# Fine-Tuning a BERT Encoder for Named Entity Recognition on CoNLL2003

Implemented for the NLP Cryptonite Research AI Taskphase by Pratham Shah - 240905614.

![image.png](attachment:50a656dd-15b4-44bc-ae43-243b85351112.png)

## Adding Imports

In [33]:
import tensorflow as tf
import numpy as np
from transformers import AutoTokenizer, AutoModelForTokenClassification, TrainingArguments, Trainer, DataCollatorForTokenClassification

In [34]:
!pip install seqeval
from seqeval.metrics import classification_report



## Defining Labels

In [35]:
NER_labels = ["O", "B-PER", "I-PER", "B-ORG", "I-ORG", "B-LOC", "I-LOC", "B-MISC", "I-MISC"] #categories
label_id_map = {label: i for i, label in enumerate(NER_labels)} #tagging needs numerical 
id_label_map = {i: label for label, i in label_id_map.items()}

label_id_map

{'O': 0,
 'B-PER': 1,
 'I-PER': 2,
 'B-ORG': 3,
 'I-ORG': 4,
 'B-LOC': 5,
 'I-LOC': 6,
 'B-MISC': 7,
 'I-MISC': 8}

## Load CoNLL-2003 Data

A special formatting function is needed to process the raw data into acceptable sequence pairs for BERT.

In [36]:
def format(file_path):
    """
    Reads CoNLL2003 file and returns token and tag sequences
    
    Args:
        file_path: Path to the input file
        
    Returns:
        tokens: List of token sequences of sentences
        tags: List of corresponding tag sequences
        
    Sample:
        John NNP B-NP B-PER
        loves VBZ B-VP O
        New NNP B-NP B-LOC
        York NNP I-NP I-LOC

        He PRP B-NP O
        is VBZ B-VP O
        happy JJ B-ADJP O
        .
        
        is returned as
        
        [['John', 'loves', 'New', 'York'], ['He', 'is', 'happy', '.']]
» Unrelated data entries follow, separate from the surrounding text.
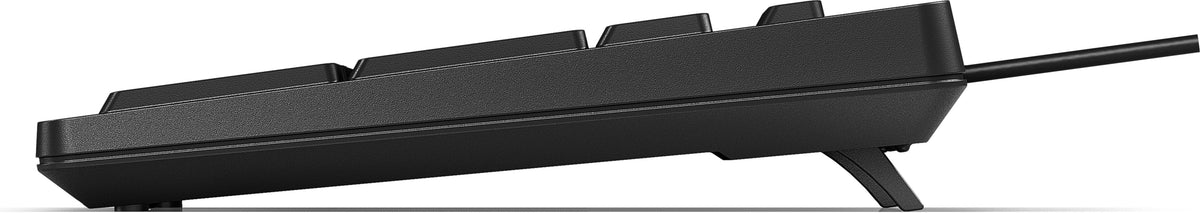 HP 125 Kabelgebundene Tastatur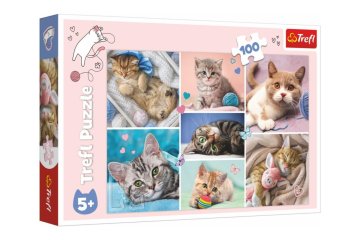 Trefl Sestavljanka V mačjem svetu/100 kosov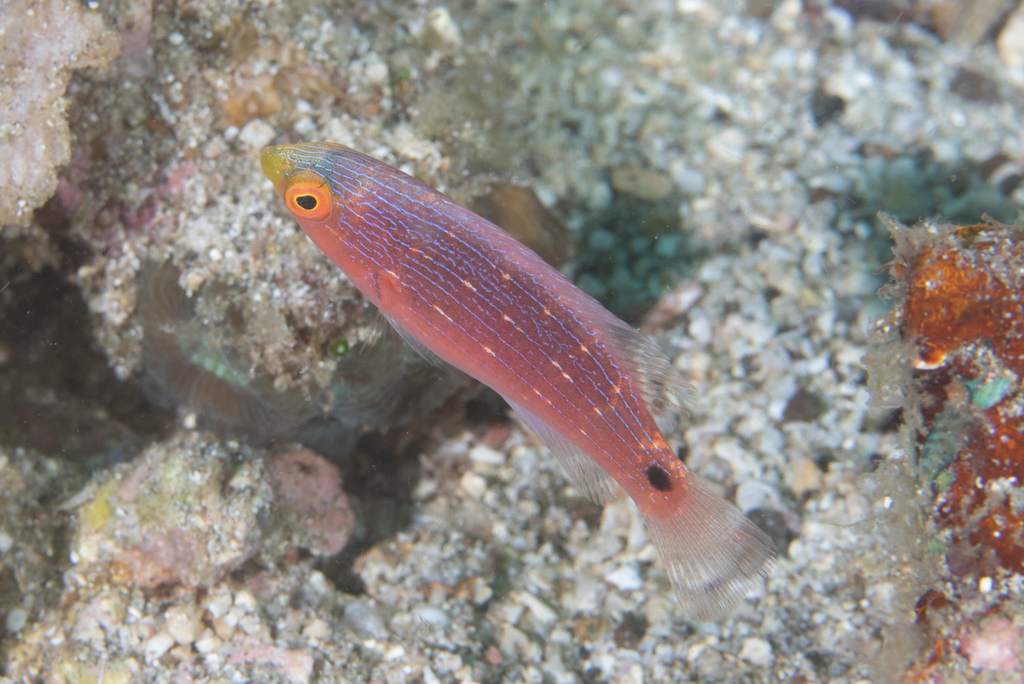 Blackfin Fairy Wrasse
        [[1, 0, 3, 4], [0, 0, 0, 0]]

    """
    
    tokens, tags = [], []
    current_tokens, current_tags = [], []

    with open(file_path, encoding='utf-8') as f:
        for line in f:
            line = line.strip()

            # empty line: save current sentence tokens and tags, then reset
            if not line:
                if current_tokens:  # only if current sentence is non-empty
                    #append found tokens and tags to the list
                    tokens.append(current_tokens)
                    tags.append(current_tags)
                    #reset here
                    current_tokens, current_tags = [], []
                continue

            word, pos, chunk, ner = line.split() #if a line is present, split it and add tokens and tags
            current_tokens.append(word)
            current_tags.append(label_id_map[ner])

    return tokens, tags

#formatting train, val and test
train_tokens, train_tags = format("/kaggle/input/conll003-englishversion/train.txt")
val_tokens, val_tags = format("/kaggle/input/conll003-englishversion/valid.txt")
test_tokens, test_tags = format("/kaggle/input/conll003-englishversion/test.txt")
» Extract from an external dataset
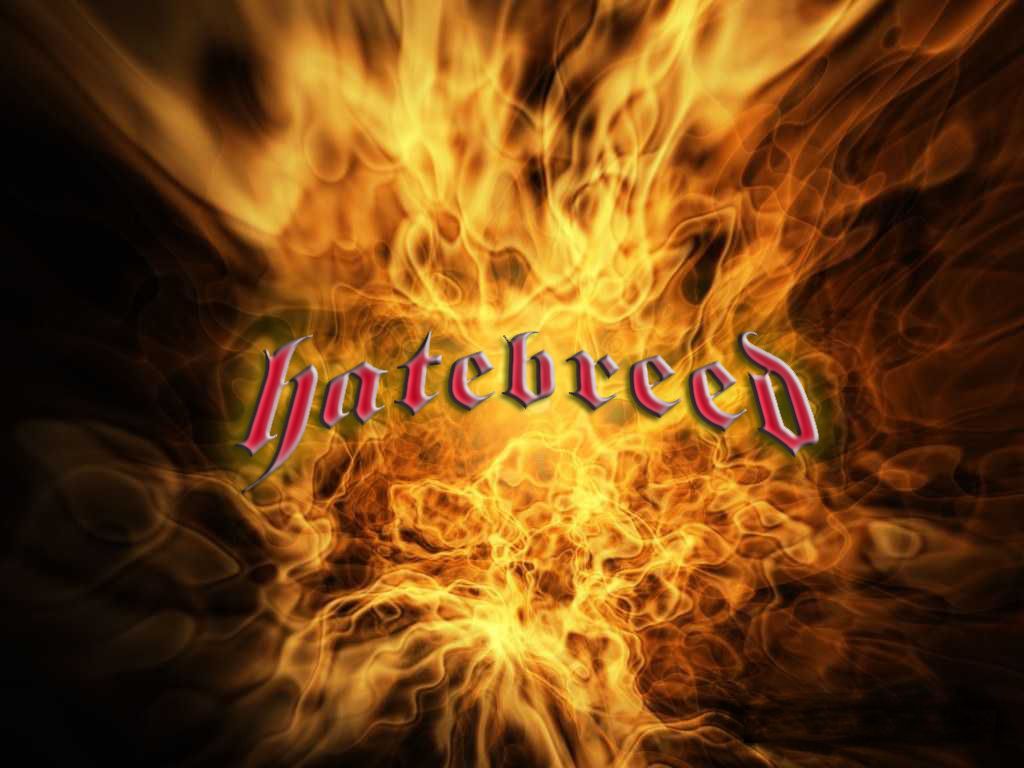 Hatebreed Perseverance copertina album, 1000x1000 HD, Desktop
## Tokenizer, Alignment and Model

![image.png](attachment:546c64fb-cc46-43ee-bd00-225ee644bfe2.png)

BERT tokenizer uses contextual and positional additions to embeddings.

This string defines the BERT model we'll use. For current speed and testing requirements, it has been set to BERT base, which ignores case in words ("uncased")

![image.png](attachment:c8f6fef9-a327-4bde-b909-b39fdf741789.png)

In [37]:
model = "bert-large-cased"

## Sample Example:

Take an unzipped example to be:
`tokens = ["visiting", "Mumbai"]`,
`labels = [0, 5]`  


The tokenizer breaks "visiting" into ["visit", "##ing"].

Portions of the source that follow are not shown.